A seguire, è stato lo stesso Presidente dell’Associazione Gruppo Sociale Difesa valori e Diritti 4.0 – ad essere intervistato nel ruolo di autore del suo testo: “Nebbia di Piombo. Orizzonti di Carta – Il declino del senso civico e la sfida del cambiamento: viaggio nel cuore ferito della Politica locale di Ardea – L’intervista è stata curata dal Prof. Giosuè Auletta, noto storico riconosciuto non solo in Italia, ma anche oltre i confini della nostra Nazione. Il Professore ha anche curato l’introduzione del libro del Dott. Catalucci, evidenziando che il testo racchiude in sé molti spunti di riflessione sulla politica locale di Ardea e nazionale, che sono fondamentali per vedere, se finalmente apriamo gli occhi, una luce in fondo al buio. “La lucida e documentata denuncia di Massimo Catalucci – spiega il Prof. Auletta - su quello che continua a succedere ad Ardea nella pubblica amministrazione con ‘ruoli di grande responsabilità occupati da persone che non possiedono conoscenze e competenze adeguate’ è sotto gli occhi tutti. ARDEA, nell'area metropolitana di Roma, è un microcosmo, un piccolo mondo locale dove si può vedere e capire anche quello che succede in altri comuni e, più in generale, in Italia con gravi conseguenze ‘per la cura del bene comune’”- Il Professore ha poi  evidenziato come, attraverso la stesura del ‘manifesto del cittadino consapevole’, con il quale il Dott. Catalucci chiude la sua opera, egli inviti il potenziale elettore a passare “dalla rassegnazione alla partecipazione” - “Solo così ARDEA, nel XXI secolo, può rinascere!” -conclude il Prof. Auletta.

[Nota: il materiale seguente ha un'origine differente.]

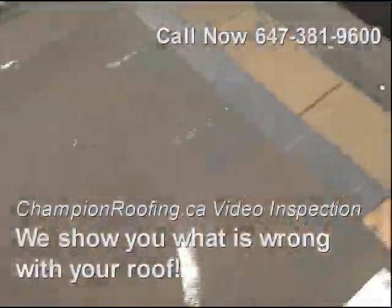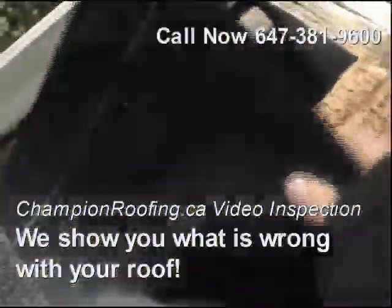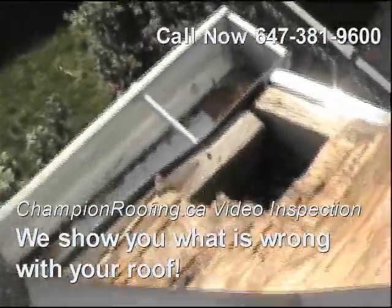This is the new stuff down here. I'm going to show you where the squirrels were getting in. It's right here — that's where the squirrels were getting in, from the corner.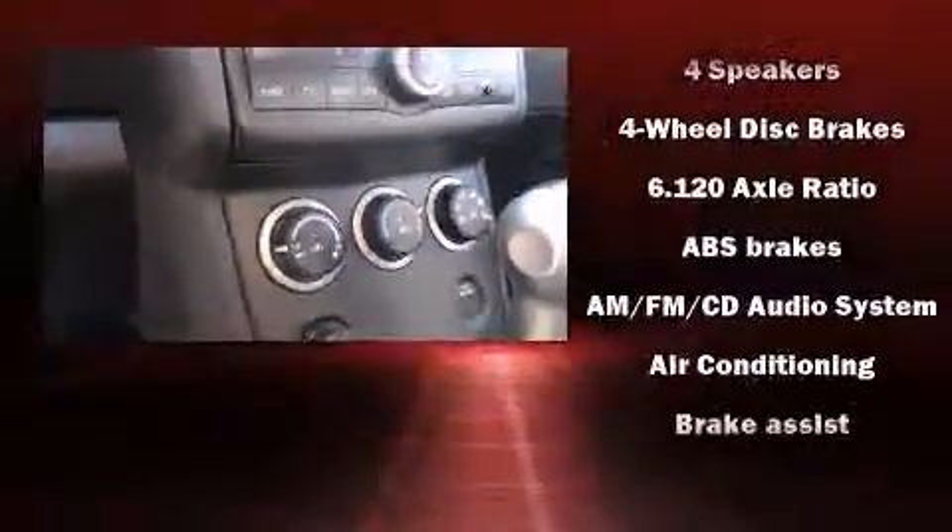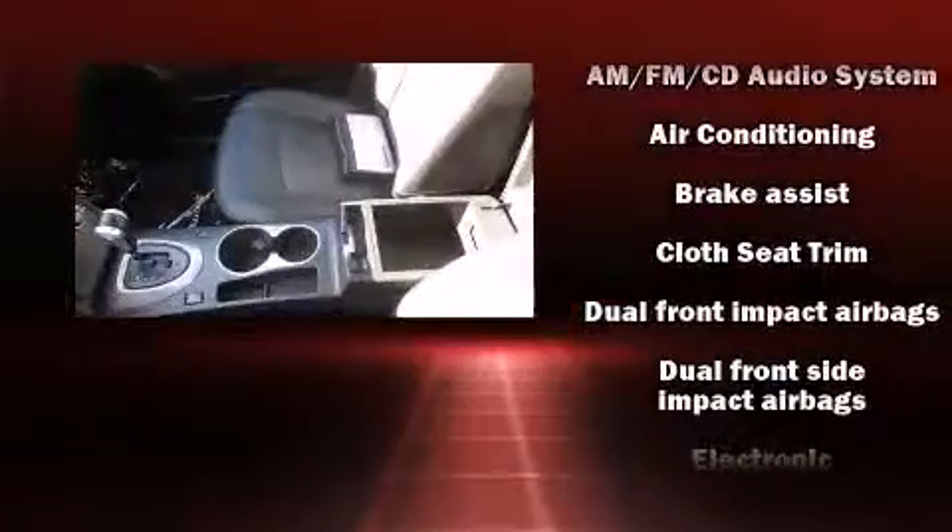You and your passengers will enjoy the stereo system, which includes a CD player with AM-FM radio and four well-positioned speakers.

Infine, l’ultima parte di questo spazio culturale è stata dedicata al Prof. Giosuè Auletta, intervistato da Simone Stoppioni, responsabile della comunicazione istituzionale per il Gruppo Sociale Difesa Valori e Diritti 4.0 – Il Prof. Auletta che ha presentato il suo testo, “ARDEA – La città dei Rutuli” – nel dialogare con Simone Stoppioni, ha invitato e condotto per mano le persone presenti in platea in un viaggio nel patrimonio paesaggistico, storico, culturale, artistico e archeologico che il territorio di Ardea racchiude. Il Prof. Auletta ha, altresì, spiegato che la striscia di terra che si estende dai due laghi del cratere vulcanico dei castelli romani, fino al Mar Tirreno, è diventata per legge regionale del Lazio, dietro sua ispirazione e indicazione storica, un museo a cielo aperto: l’Ecomuseo Lazio Virgiliano. La sensibilità del Prof. Auletta, la sua capacità dialettica, ma anche l’amore che traspare per il territorio dove è nato, Ardea, rendono l’autore una persona coinvolgente da un punto di vista emotivo che cattura, oseremmo dire, rapisce in un vortice di emozioni chi lo ascolta quando lo stesso narra il grande patrimonio di ricchezze che l’Ecomuseo Lazio Virgiliano conserva, sopra e sotto il suo suolo.   


La presentazione dei tre libri ha permesso agli autori di interagire anche con il pubblico presente che gli ha rivolto delle domande, per uno scambio dialogico interessante, proteso a sviscerare ulteriormente gli argomenti trattati. Gli autori si sono poi fermati al termine dello spazio a loro dedicato, per firmare le copie delle loro opere a chi ne ha fatto richiesta.